I did enjoy the show where the man decided to continue with only one high-dollar amount left against the advice of his two preteen children. When they opened that $300,000 dollar case, you could hear the anger in the kids voices as they said how stupid he was.

Anyway, in this article Mitch Metcalf says he thinks the odds are against a “very, very long run” for the show. I suspect they have an even more negative outlook on its staying power and are milking it for all it is worth while it is hot.

A few times I chose very poorly throughout the game, and wound up with a handful of cases, all offering low amounts. The banker’s offer? $0. I respectfully declined.

I had another game where I had a perfect best-worst matchup – the final two cases were the million dollar case and a one-cent case. His offer was $300,000. (I shoulda taken it…grumble grumble…)

I’d totally watch that if it was the Rock, Paper, Scissors, Look Over There version!

The show is a hit because you all seem to be watching it. I don’t watch it because I’m not in the least bit interested in anything about it.

For those of us who aren’t mathematically inclined, how do you perform the “simple matter of computing the expected value” without benefit of pen and paper?

You were watching the wrong thing on your screen. If you looked carefully behind the chanting woman you could see somebody in the background jumping a shark tank.

Since the low values are so small compared to the big ones, if you have a $200K case, a $400K case, and 3 under $100 cases left, (I don’t remember the actual high values) you can neglect the small ones and divide $600K by 5 to get $120 K. I suspect they offer less than $120 K in this situation because most people will take less to avoid the chance of getting basically nothing. That calculation is beyond me - If I were them I’d do some experiments to find it.

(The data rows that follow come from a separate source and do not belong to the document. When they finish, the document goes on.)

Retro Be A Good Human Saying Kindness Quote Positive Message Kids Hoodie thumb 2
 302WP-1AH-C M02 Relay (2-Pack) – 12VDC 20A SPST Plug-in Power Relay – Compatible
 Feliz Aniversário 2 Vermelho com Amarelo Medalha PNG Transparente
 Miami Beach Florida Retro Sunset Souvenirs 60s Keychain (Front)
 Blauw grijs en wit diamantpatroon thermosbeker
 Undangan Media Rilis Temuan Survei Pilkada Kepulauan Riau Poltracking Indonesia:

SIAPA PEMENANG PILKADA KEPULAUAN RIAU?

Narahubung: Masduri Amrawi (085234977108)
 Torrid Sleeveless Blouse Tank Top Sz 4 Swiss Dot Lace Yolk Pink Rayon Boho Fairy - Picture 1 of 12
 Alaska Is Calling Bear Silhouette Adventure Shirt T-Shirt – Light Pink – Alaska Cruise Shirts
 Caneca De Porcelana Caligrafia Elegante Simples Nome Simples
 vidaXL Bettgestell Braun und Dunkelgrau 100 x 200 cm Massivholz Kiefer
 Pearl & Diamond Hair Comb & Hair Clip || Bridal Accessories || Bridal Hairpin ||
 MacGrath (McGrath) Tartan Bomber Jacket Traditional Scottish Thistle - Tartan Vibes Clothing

Add up all of the amounts remaining, and divide by the number of cases left.

To get a good approximation, ignore all of the low values on the left when you add.

**The Scrivener ** and **scotandrsn ** give pretty good explanations of the thought processes (so-called) behind playing the game, and why I kinda like it. Actually, I like it a lot.

But Monday’s was a terrible example, if you saw it for the first time. It was a one-hour show padded out to 2 hours with 50% air. It was excruciating.

The show sucks ass. I’d be willing to be on it though. Anyone who knows two or three words of English would have the skills to win at least twenty grand. Plus, I could could sneeze on Howie.